Julian had a flashing remembrance of what a Psycho-graph could do to him. It had happened once before during his twenty-nine years of existence. He relived for an instant the burst of dazzling light, the agonizing fury in his brain, while voices that mocked and danced and probed penetrated deeper and deeper into his consciousness until they became a searing Babel in his mind. Julian had vowed it would never happen again. Suddenly he blanked his mind with swift ruthlessness.
And with the same savage ruthlessness he struck. A tiny paralysis beam flashed from the ring on his left little finger and stretched out the Felirene without a sound. His right hand already had sought the Power-rapier and the flashing blade described a scintillant wheel before him. But Fermin's reflexes were quite as swift. His own blade leaped into his long, aristocratic hand, as he sought cunningly to back toward the Jadite chair.
"Damn this pink fog!" he exclaimed through clenched teeth.
Behind him the muffled stamp of scurrying feet and the metallic scraping of power-rapiers became distinct; oaths and imprecations in various dialects grew loud.
He swerved aside into a half-concealed doorway to hide his progress, for it wouldn't do to have his pursuers see him. A badly aimed power-beam from an old-fashioned heat-ray gun splashed off a wall not a block distant, in incandescent fury. "The fools!" he thought contemptuously. But his eyes scanned the buildings for a sign of the "Paradisiac." He was beyond fear--beyond emotion even. But what bothered him in a sort of dazed wonderment was that the word "Paradisiac" should have been frozen in the neutralized telesolidograph.

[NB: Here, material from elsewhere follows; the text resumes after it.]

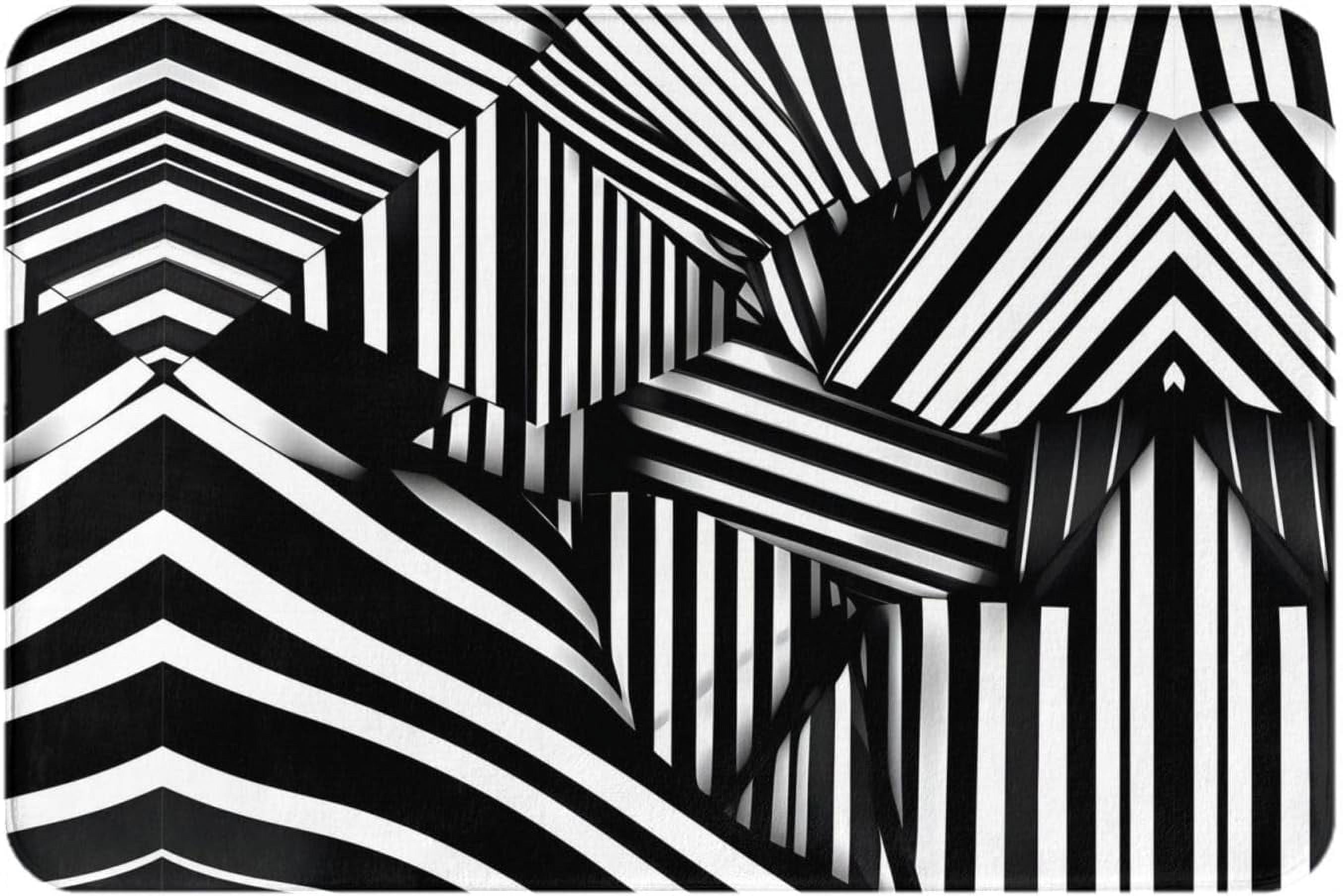 Black and White Geometric Lines Durable Indoor Door Mat Funny Doormat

For his assignment as part of the "Plan" was to meet another member of the Dekka, a Techno-Star, at the "rendezvous!" How Fermin, the Arch-Mutant had managed to obtain that information was incredible! It was an index to plans and forces he had not previously conceived.
But the problem now was to find the Paradisiac, he had merely a matter of minutes in which to seek concealment. And in this world of tortuous cabals not to speak of instant death, no blatant signs advertised pleasure, shelter or concealment. The latter was an art that was subtly applied to itself. One either did, or did not, know where to go. Sanctuary was there for the asking--at a price. But the signs were only for the initiate to recognize.
With his rapier-scabbard, he tapped a series of sounds, and the wall seemed to part, just wide enough for him to squeeze through the aperture. Behind him, the incredibly resistant plastic wall had closed.
After what seemed eternity--in reality seconds--the wall before him slid silently aside. A long corridor stretched before him. It led to the public rooms. The sudden shock of overwhelming relief had the quality of vertigo. The quadrangle walls seemed to lose solidity and become curved. He shut his eyes briefly. When he opened them again, the wall on the left side of the quadrangle bore a message in brilliant letters as if they'd emerged glowing from the plastic substance itself. It was a message and a question:
"PUBLIC ROOMS NOT NEUTRAL. DISGUISE DESIRED?"